Claire Burke @ Broomhill
Claire Burke
We have asked the artist to provide a statement about their work, an edited personal history, and a selection of exhibitions and commissions. The content here is entirely their words and selection. Works illustrated here have been chosen by the artist.
The works shown on this page are not necessarily on display at Broomhill.
The Artist Speaks
Claire's work has strong links with the ideas of Clement Greenberg, the philosophy of abstract expressionism being fundamental to her ideology. An unusual approach among young British artists today.
The luminous colours and mysterious rectangles create an aura of presence, deliberately still and quiet, a meditative play with space, tone, intensity and subtle hues.
The paint is painstakingly applied to the canvas, taking many weeks to produce as multiple layers of colour move towards a finished form.
'What one actually sees is full of spontaneity and developing movement that is almost musical and which also conveys a sense of the spaciousness of landscape.
Her latest work in particular seems to float free of the canvas.

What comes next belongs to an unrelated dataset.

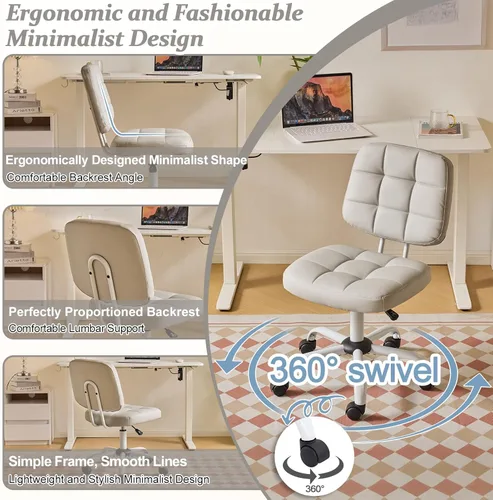 Miniatura 7 de VINGLI Silla de escritorio pequeña compacta, bonita silla sin brazos con ruedas, silla de tocador con respaldo bajo, silla de trabajo de altura Gris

'This is Art on which the eye dwells on long and lingeringly but which also gives food for thought.' • Dr Nick McAdoo (associate researcher in aesthetics, Open university)
Claire's work has been recognised by many prestigious galleries, critics and collectors worldwide, with exhibitions in the west end of London and America being highlights of this last year.

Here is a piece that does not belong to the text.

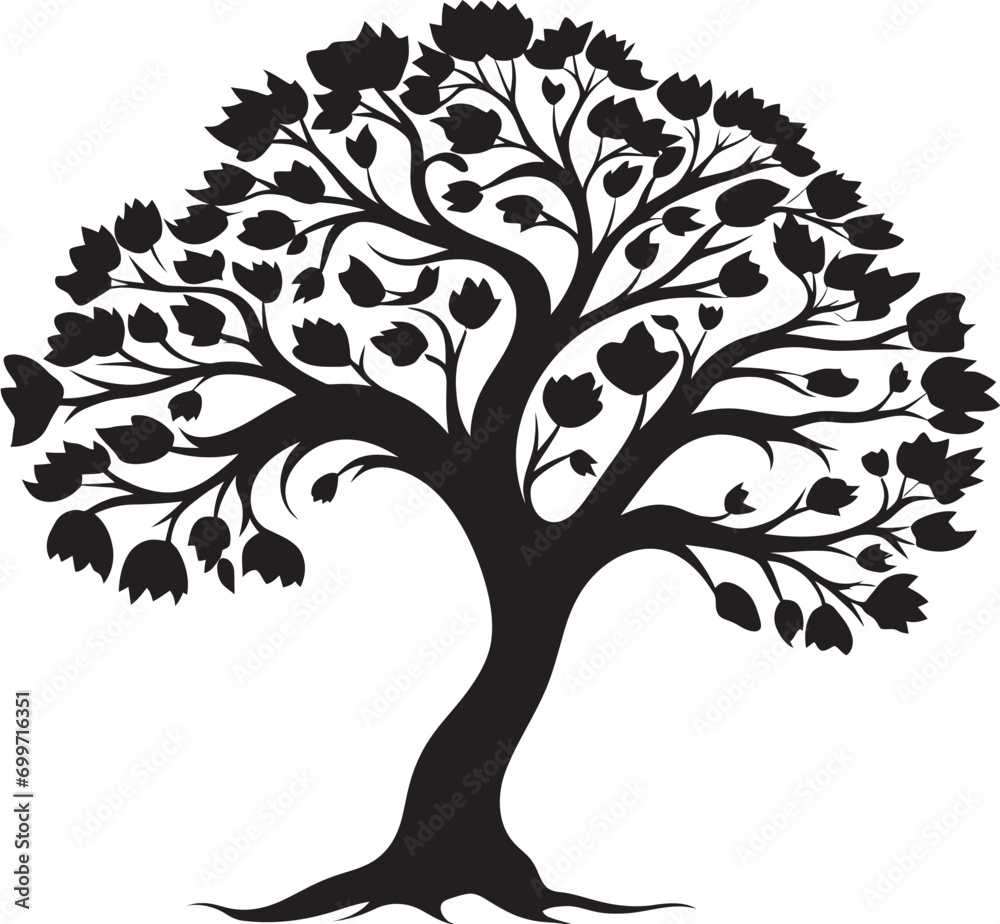 Majestic Woodland Black Vector Tree Mark Sylvan Sanctuary Tree Black Vector Logo Majestic Woodland Black Vector Tree Mark Sylvan Sanctuary Tree Black Vector Logo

Claire's paintings have an introspective quality; textural surfaces are juxtaposed with smooth planes and grazes in the surfaces, creating a spatial ambiguity and dynamic reminiscent of abstract expressionism and the ideas of Clement Greenberg. The work evades categorisation here however since although the artist has a strong desire to control meaning, there is a deference to post structuralism and deconstruction in that the subject invites indeterminate interpretation.
There is an integrity within the mark making and a quality of line attained by a measured, controlled approach, marks are excavated from the existing paint surface rather than being superimposed upon it. An attention to the quality and detail of surface achieved by the repeated application and removal of many layers of paint results in much of the content of the work being the visible evidence of the process itself. The work 'becomes' which references itself, it opens and closes space.

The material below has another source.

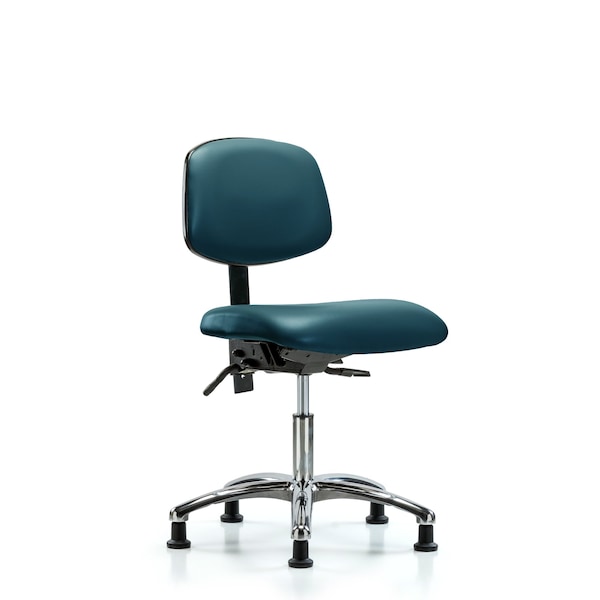 Vinyl Chair Chrome, Desk, Glides, Royal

'Aesthetic value and meaning are no longer seen to be the products of the operations of a system, and have become fleeting and unstable phenomena, which can never be recaptured or even properly communicated. They must always be considered to be in the process of 'becoming', instead of being directed towards a prearranged goal.' • Stuart Sim
The square holds a mythical symbolism within the history of modern painting; it is also a rejection of the precise definition of the aesthetic as described by the Fibbonacci Series or the Golden Section. Each work deliberately relates mathematically to the square, informed by the work of Robert Ryman and Josef Albers among others - exploring the tensions created within via the demarcation of the space.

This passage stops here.